Before A Christmas Carol there was… Miss Marley
A seasonal tale of kindness and goodwill
Orphans Clara and Jacob Marley live by their wits, scavenging for scraps in the poorest alleyways of London, in the shadow of the workhouse. Every night, Jake promises his little sister ‘tomorrow will be better’ and when the chance to escape poverty comes their way, he seizes it despite the terrible price.
And so Jacob Marley is set on a path that leads to his infamous partnership with Ebenezer Scrooge. As Jacob builds a fortress of wealth to keep the world out, only Clara can warn him of the hideous fate that awaits him if he refuses to let love and kindness into his heart…
In Miss Marley, Vanessa Lafaye weaves a spellbinding Dickensian tale of ghosts, goodwill and hope – a perfect prequel to A Christmas Carol.
Any of you who follow me on Twitter or Instagram or Facebook will have seen the picture of me finishing this book over a cup of tea in Sainsbury’s cafe on the morning of Christmas Eve, after I’d finished my shopping and at that point I was filled with Christmas spirit, due in no small part to this book.
For any of you who have not heard the story behind the publication of this book, it was the creation of author Vanessa Lafaye, who unfortunately passed away in February of this year after a long battle with cancer, before she was able to finish it. At the request of Vanessa’s publisher and her husband, the book was completed by Vanessa’s good friend and fellow author, Becca Mascull. This tragic and moving story meant there was a lot of buzz about this book on social media and in the blogging community and I was desperate to read it. I am a huge fan of A Christmas Carol, so the premise behind the book was enticing, and it sounded like the perfect Christmas read.
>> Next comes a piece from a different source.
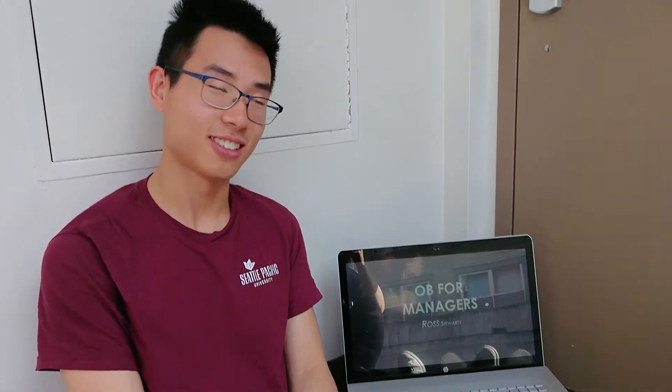What's good? I'm Jackie Chen, and this video will be about my personality and what I contribute to the world. In this case, it's for my organizational behavior for managers class with Professor Ross Stewart. Shout out to John Goldeck for doing this class.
Oh, but this book is even more beautiful and moving than I expected. It is the story of how Jacob Marley becomes the person who ends up as the tormented spirit that haunts Scrooge at the beginning of A Christmas Carol. To tell his story, Vanessa has given him a sister, Clara, who is witness to the circumstances that shape him. This device is so clever, and executed so beautifully that it immediately pulls you heart and soul into their story and transports you back to Dickens’ London and the world inhabited by Scrooge and Marley. Both authors have perfectly captured the essence of Dickens’ story telling in this book so that it is very easy to believe that this is exactly how Marley and Scrooge end up as the mean-spirited, uncharitable old misers that we have come to know.
The period and setting of Victorian London is brought vividly and perfectly to life through the language and descriptions, and the whole book has a lovely, festive feeling to it, despite the melancholy story. I absolutely loved the character of Clara, she is warm and vibrant and extremely sympathetic, and she makes Jacob Marley’s story sympathetic too. You cannot help but care about her plight from the beginning, which makes the book enthralling and moving and kept me glued to the pages from beginning to end.
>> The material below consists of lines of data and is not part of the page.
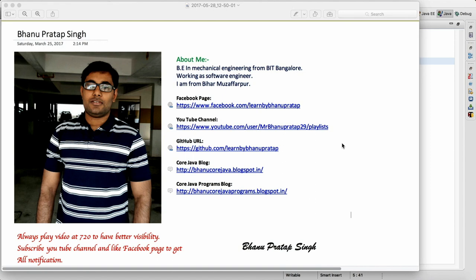Hey guys, welcome to Selenium interview questions and answers series two, where we will talk about some other interview questions. I am from a mechanical background and I have a Facebook page and YouTube channel, so you can like my page and subscribe. All the code I do will be in my GitHub repository. Let me start with series two.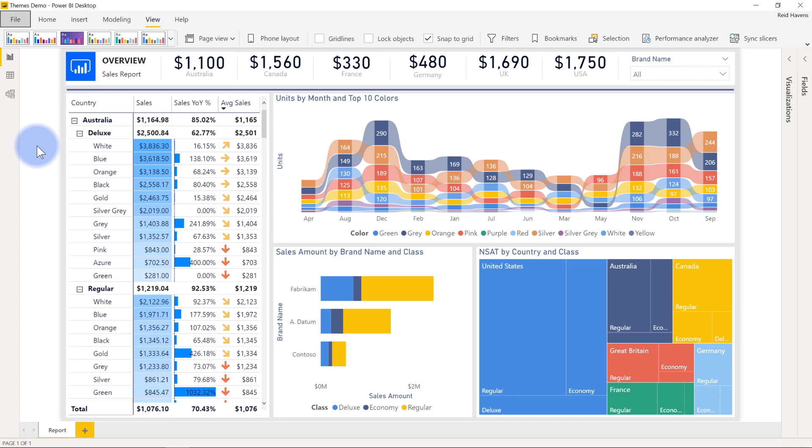But other than that, that about covers it for this video. I just really wanted to be able to show that new theme creator. And the fact that you can export that as a JSON file, I think is a huge change in the right direction because so many companies are really wanting to do this, especially with them creating a standard theme for an organization. So this will be very, very helpful for those scenarios.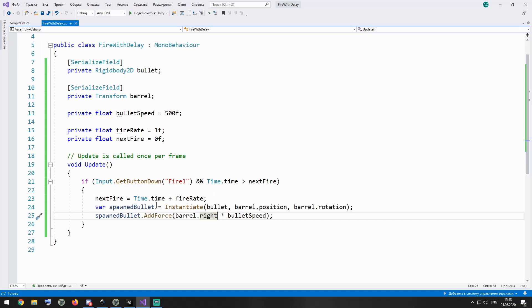If these conditions are met, then I reset next fire variable and spawn a new bullet, just like I did in simple fire script. Pretty simple as well.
I have such admiration for the skill of both authors. I don’t know how Becca managed to complete this book whilst grieving for a beloved friend- it must have taken a strength of will and a huge amount of love to get through it. In the interview I have linked to below, Becca says she felt like she was almost channelling her friend as she completed the book, and I can believe it as it is impossible to tell where the two parts join. The voice and narrative are so consistent throughout; there is no jarring change of tone or pace and it ends perfectly. These were two friends so obviously in tune and their story has completely moved me to tears.
This book is a beautiful testament, both to the authors’ love of A Christmas Carol and to their friendship and it will delight anyone who is a fan of this timeless Christmas tale. I believe that a festive read of this book will become a new Christmas tradition for me to cherish. I highly recommend you pick up a copy now.
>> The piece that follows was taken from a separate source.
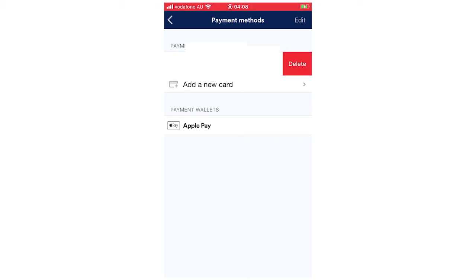You're going to want to go ahead and click that. I'm not going to do it now because I don't want to delete it, but that's how you do it. Click delete and it will be gone and then you can put another one on.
Miss Marley is out now and you can get a copy here.
About the Authors
Vanessa Lafaye was born in Florida and studied in North Carolina. She moved to the UK in 1999 (having been deported once). She is the author of two previous novels, her first book Summertime, was chosen for Richard and Judy in 2015 and was shortlisted for the Historical Writers Award. Vanessa passed away in February 2018.
Rebecca Mascull is the author of three historical novels and also writes saga fiction under the pen-name Mollie Walton.